Daniel Day-Lewis Made This Important Pledge To Himself After His Early Film Career
In the two decades from 2002 to 2022, Daniel Day-Lewis has only appeared in half a dozen films, beginning with "Gangs of New York" and ending with "Phantom Thread," which was preceded by the announcement of his retirement in 2017. Day-Lewis had already gone into semi-retirement once after starring in "The Boxer" in 1997. He was famously off the grid, working as a shoemaker in Italy, when director Martin Scorsese approached him to play Bill "The Butcher" Cutting in "Gangs of New York."
Scorsese and Day-Lewis had worked together on "The Age of Innocence," and Day-Lewis would go the method route with his performance as Bill to the point of making himself sick. Since then, only a select few filmmakers have been able to lure the three-time Academy Award winner (and six-time nominee) back in front of the camera. Two of his Oscars for Best Actor subsequently came for Paul Thomas Anderson's "There Will Be Blood" in 2007 and Steven Spielberg's "Lincoln" in 2012.
Accolades like those helped each Day-Lewis film appearance come to feel like an event, but it does raise the question of why his movie roles have been so few and far between in the 21st century compared to his earlier, more prolific filmography in the 1980s and 1990s. While promoting his 2009 musical "Nine," directed by Rob Marshall, Day-Lewis told The Guardian:
"I'm not picky, quite honestly. It's simply that I recognize pretty quickly the stuff that I don't like. And I also recognize the impulse that is dragging me towards a piece of work. And perhaps as you get older, that impulse comes less often."

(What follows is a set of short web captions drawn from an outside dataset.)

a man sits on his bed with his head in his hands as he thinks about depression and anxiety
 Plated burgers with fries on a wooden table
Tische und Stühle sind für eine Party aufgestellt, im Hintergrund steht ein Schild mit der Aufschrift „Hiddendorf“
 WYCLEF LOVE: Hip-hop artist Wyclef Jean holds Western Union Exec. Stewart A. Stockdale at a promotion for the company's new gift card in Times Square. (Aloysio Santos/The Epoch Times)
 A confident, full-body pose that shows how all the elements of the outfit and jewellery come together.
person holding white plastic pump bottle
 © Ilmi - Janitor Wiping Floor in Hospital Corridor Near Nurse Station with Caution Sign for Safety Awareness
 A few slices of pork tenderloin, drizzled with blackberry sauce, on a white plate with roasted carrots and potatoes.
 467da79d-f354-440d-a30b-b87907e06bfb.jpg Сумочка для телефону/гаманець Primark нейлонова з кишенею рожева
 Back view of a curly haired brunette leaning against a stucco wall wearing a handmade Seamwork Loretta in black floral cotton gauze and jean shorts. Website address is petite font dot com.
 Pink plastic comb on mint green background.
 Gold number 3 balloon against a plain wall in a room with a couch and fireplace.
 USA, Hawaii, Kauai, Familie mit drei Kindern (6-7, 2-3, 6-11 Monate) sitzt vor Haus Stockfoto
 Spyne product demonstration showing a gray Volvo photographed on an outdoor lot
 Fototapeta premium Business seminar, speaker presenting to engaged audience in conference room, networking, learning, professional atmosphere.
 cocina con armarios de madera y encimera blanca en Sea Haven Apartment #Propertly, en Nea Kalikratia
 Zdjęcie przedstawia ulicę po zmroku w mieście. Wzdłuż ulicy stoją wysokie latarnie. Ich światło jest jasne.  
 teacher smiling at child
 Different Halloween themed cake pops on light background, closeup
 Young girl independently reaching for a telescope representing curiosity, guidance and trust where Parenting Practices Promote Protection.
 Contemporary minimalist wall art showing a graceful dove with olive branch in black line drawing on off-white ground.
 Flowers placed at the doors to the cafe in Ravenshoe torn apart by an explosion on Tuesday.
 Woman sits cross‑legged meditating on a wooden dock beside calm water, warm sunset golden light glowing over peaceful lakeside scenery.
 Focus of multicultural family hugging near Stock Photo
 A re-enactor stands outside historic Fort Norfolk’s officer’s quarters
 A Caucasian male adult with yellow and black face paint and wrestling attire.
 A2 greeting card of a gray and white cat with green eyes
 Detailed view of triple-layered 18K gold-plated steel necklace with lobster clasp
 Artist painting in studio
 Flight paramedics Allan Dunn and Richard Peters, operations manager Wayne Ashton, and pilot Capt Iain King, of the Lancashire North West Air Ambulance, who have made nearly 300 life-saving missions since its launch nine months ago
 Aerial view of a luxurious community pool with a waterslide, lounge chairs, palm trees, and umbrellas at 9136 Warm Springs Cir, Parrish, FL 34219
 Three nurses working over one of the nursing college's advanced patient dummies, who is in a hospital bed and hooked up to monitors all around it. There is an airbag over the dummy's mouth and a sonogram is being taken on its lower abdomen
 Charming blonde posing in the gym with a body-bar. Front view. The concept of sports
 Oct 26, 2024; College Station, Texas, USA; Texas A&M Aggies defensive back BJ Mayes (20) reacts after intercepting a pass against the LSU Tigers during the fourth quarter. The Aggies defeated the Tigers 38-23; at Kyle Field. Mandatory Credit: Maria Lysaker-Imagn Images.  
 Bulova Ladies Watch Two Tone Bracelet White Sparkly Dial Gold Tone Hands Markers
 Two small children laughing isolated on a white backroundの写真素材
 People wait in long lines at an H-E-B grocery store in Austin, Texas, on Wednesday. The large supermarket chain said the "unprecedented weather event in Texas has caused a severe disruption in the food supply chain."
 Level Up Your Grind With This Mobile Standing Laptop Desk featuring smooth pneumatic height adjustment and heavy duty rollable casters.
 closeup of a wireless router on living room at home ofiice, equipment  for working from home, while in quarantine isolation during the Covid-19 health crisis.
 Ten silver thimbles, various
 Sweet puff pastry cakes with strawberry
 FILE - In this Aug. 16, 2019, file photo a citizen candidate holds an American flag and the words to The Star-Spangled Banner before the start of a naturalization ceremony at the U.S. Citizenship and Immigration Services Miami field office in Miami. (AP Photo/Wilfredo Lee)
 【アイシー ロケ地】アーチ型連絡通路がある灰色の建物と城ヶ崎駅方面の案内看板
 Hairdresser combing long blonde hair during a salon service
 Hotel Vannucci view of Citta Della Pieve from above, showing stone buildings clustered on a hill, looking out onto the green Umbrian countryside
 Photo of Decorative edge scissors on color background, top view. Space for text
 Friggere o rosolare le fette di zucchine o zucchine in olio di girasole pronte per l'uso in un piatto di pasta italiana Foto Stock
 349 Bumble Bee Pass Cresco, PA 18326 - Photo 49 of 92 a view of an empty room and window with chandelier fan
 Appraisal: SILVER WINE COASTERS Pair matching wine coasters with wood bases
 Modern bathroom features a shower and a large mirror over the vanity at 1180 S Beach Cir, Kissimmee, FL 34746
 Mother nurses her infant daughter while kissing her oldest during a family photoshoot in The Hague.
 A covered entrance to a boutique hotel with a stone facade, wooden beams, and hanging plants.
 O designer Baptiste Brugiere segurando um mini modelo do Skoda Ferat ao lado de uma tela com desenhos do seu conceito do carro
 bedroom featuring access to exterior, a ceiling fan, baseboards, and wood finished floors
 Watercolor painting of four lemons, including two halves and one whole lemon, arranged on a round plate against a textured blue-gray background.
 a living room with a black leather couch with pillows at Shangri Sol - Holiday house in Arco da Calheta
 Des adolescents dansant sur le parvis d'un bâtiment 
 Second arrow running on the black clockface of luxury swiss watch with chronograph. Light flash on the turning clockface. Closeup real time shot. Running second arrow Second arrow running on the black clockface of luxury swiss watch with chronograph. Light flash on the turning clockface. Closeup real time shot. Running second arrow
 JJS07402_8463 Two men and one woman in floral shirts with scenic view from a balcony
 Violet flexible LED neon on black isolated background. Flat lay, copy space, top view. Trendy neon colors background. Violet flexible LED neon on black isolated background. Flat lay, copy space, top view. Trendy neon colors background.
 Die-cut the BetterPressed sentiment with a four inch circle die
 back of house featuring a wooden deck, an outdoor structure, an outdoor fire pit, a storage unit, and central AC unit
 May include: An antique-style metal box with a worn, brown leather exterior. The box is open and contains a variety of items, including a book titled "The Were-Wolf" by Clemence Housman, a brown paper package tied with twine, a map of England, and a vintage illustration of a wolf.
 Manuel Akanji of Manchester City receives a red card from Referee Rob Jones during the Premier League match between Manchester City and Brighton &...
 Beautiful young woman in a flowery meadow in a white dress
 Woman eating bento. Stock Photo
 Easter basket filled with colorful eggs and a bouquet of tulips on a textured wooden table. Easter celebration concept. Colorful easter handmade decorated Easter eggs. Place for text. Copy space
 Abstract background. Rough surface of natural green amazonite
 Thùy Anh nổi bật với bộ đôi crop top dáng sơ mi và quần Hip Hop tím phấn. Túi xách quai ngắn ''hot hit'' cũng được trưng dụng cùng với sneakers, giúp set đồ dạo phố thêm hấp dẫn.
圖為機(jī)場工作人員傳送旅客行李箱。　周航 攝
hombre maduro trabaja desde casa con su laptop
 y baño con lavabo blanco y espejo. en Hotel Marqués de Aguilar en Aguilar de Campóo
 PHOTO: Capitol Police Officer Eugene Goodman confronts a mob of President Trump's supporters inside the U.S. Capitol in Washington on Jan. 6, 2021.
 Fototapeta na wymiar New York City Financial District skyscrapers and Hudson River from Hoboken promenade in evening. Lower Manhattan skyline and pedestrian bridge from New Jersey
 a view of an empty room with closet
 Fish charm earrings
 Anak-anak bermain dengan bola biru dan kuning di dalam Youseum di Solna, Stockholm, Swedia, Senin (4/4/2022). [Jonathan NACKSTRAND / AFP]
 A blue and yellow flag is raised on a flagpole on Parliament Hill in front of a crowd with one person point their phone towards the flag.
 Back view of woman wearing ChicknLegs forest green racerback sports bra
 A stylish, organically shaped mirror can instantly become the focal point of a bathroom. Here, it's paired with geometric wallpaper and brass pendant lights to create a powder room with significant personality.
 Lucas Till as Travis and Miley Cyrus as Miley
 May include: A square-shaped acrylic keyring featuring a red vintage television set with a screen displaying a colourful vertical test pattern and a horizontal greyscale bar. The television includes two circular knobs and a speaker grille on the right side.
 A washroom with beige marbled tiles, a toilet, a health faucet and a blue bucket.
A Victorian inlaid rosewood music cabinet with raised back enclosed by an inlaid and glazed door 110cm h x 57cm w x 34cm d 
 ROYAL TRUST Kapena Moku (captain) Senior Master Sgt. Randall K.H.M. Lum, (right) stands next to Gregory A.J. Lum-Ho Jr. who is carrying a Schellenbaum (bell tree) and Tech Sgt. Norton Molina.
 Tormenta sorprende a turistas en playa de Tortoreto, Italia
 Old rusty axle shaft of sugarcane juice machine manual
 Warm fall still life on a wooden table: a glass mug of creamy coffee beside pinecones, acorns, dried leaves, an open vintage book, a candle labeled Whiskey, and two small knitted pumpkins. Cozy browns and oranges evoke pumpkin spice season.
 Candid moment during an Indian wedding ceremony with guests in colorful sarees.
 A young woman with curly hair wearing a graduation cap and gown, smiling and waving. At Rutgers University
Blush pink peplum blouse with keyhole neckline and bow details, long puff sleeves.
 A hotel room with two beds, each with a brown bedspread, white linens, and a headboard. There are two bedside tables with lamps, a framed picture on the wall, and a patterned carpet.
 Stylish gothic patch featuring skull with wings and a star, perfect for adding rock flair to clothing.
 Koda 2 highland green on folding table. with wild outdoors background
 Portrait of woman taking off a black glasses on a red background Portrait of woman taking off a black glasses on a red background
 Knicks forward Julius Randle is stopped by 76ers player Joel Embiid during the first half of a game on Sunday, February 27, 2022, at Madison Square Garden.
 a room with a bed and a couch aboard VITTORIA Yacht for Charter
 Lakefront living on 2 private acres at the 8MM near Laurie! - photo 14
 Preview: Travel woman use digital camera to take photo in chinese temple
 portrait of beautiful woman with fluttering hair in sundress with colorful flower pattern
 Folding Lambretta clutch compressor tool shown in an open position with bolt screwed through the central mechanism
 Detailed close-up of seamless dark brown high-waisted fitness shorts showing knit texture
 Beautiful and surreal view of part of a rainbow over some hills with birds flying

'I made a personal pledge'
Daniel Day-Lewis talked about identifying the impulse that would attract him to a piece of work, and maybe part of the reason why he has given such powerhouse performances is each one represents a highly concentrated dose of that creative energy. In other words, working less kept him from diluting his creative spirit. This seems to jibe with his view of creative pursuits that have grown habitually rather than from inspiration. In his comments to The Guardian, Day-Lewis continued:
"In all fields of creativity you see the result of work that has become habit. Where the creative impulse has become flaccid or has died out altogether, and yet because it is our work and our life we continue to do it. But I made a personal pledge that I wouldn't work unless I needed to. [...] That's a tremendous privilege. But I've always thought that if [it] was a question of paying bills, simple as that, then I would much rather do any work than this."
This pledge not to work unless he needed to was, as Day-Lewis himself acknowledged, a privilege born of his success. Turning down major opportunities like a starring role in "The Lord of the Rings" is not a decision a struggling actor or any creative person starting out in their respective field could probably afford to make.
For comparison's sake, if you go back to his first credited theatrical role in "Gandhi," Day-Lewis appeared in a total of 14 films over the 15-year period from 1982 to 1997, versus the six movies he made from 2002 to 2017. He was averaging almost one movie per year, which is still less than other actors, but Day-Lewis was also juggling a stage career in England. Part of the appeal for him with acting, he said, was the "intoxicating" sense of "losing [himself] in time," but we can probably rest assured that his performances will not soon be lost to time.